A tool and a library for bi-directional translation between SPIR-V and LLVM IR
Other
468 stars 209 forks source link

Missing dimidx checks when translating get_global_offset #2638

Open bashbaug opened 2 months ago

bashbaug commented 2 months ago

For the following kernel, the dimidx value passed to get_global_offset will be out-of-range for at least some calls regardless of the value of j:

kernel void dynamic(global int* out, int j) {
    out[0] = get_global_offset(j-2);
    out[1] = get_global_offset(j-1);
    out[2] = get_global_offset(j);
    out[3] = get_global_offset(j+1);
    out[4] = get_global_offset(j+2);
}

The OpenCL C spec has defined out-of-range behavior for get_global_offset though, so this program is correct:

Valid values of dimindx are 0 to get_work_dim() - 1. For other values, get_global_offset() returns 0.

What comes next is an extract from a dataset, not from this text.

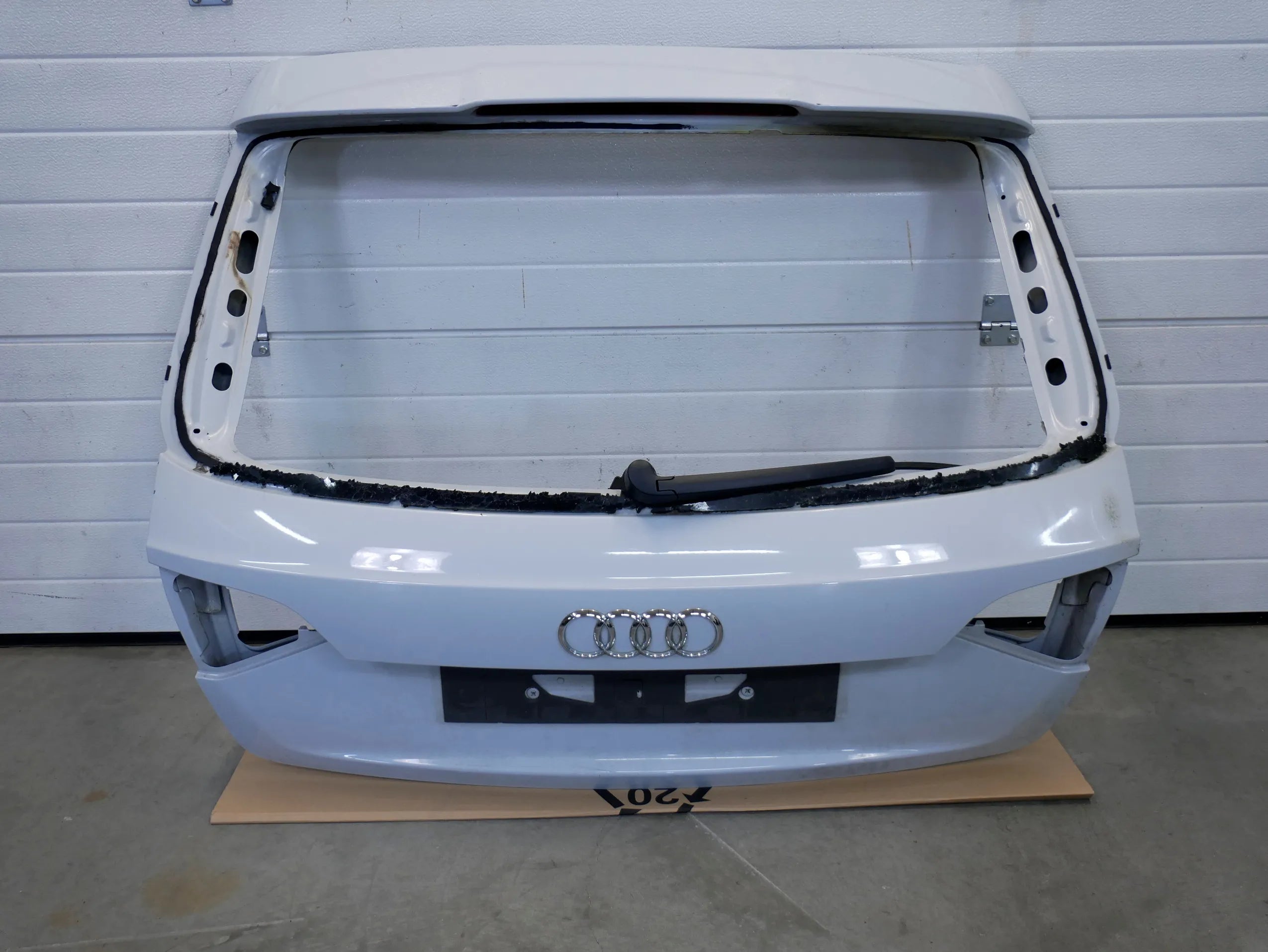 Klapa tył tylna AUDI RS4 B8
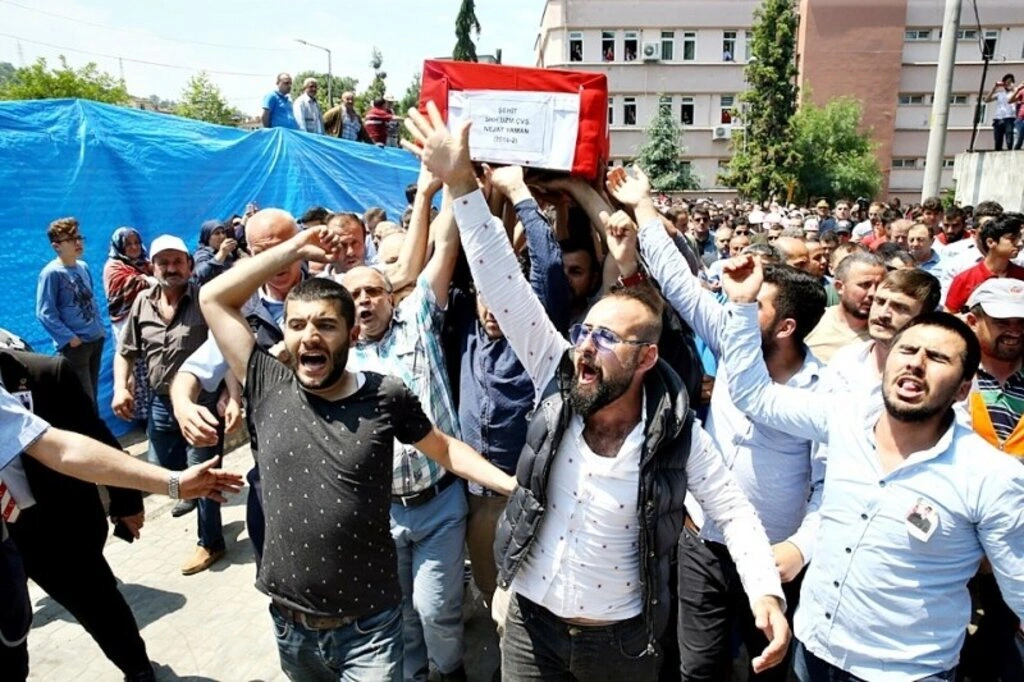 Samsun şehidini son yolculuğuna uğurladı - Resim 11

However, when I generate SPIR-V using Clang and the SPIR-V LLVM Translator there are no range checks:

    %dynamic = OpFunction %void None %9
         %11 = OpFunctionParameter %_ptr_CrossWorkgroup_uint
         %12 = OpFunctionParameter %uint
         %13 = OpLabel
         %15 = OpIAdd %uint %12 %uint_4294967294
         %16 = OpLoad %v3ulong %__spirv_BuiltInGlobalOffset Aligned 32
         %17 = OpVectorExtractDynamic %ulong %16 %15
         %18 = OpUConvert %uint %17
               OpStore %11 %18 Aligned 4
         %20 = OpIAdd %uint %12 %uint_4294967295
         %21 = OpLoad %v3ulong %__spirv_BuiltInGlobalOffset Aligned 32
         %22 = OpVectorExtractDynamic %ulong %21 %20
         %23 = OpUConvert %uint %22
         %25 = OpInBoundsPtrAccessChain %_ptr_CrossWorkgroup_uint %11 %ulong_1
               OpStore %25 %23 Aligned 4
         %26 = OpLoad %v3ulong %__spirv_BuiltInGlobalOffset Aligned 32
         %27 = OpVectorExtractDynamic %ulong %26 %12
         %28 = OpUConvert %uint %27
         %30 = OpInBoundsPtrAccessChain %_ptr_CrossWorkgroup_uint %11 %ulong_2
               OpStore %30 %28 Aligned 4
         %32 = OpIAdd %uint %12 %uint_1
         %33 = OpLoad %v3ulong %__spirv_BuiltInGlobalOffset Aligned 32
         %34 = OpVectorExtractDynamic %ulong %33 %32
         %35 = OpUConvert %uint %34
         %37 = OpInBoundsPtrAccessChain %_ptr_CrossWorkgroup_uint %11 %ulong_3
               OpStore %37 %35 Aligned 4
         %39 = OpIAdd %uint %12 %uint_2
         %40 = OpLoad %v3ulong %__spirv_BuiltInGlobalOffset Aligned 32
         %41 = OpVectorExtractDynamic %ulong %40 %39
         %42 = OpUConvert %uint %41
         %44 = OpInBoundsPtrAccessChain %_ptr_CrossWorkgroup_uint %11 %ulong_4
               OpStore %44 %42 Aligned 4
               OpReturn
               OpFunctionEnd

I think there needs to be some sort of dimidx check when translating get_global_offset, to have the proper out-of-range behavior. These will be removed in most common cases, such as when the dimidx is an integer literal, but they will probably need to be preserved when the index is unknown like it is in the example above.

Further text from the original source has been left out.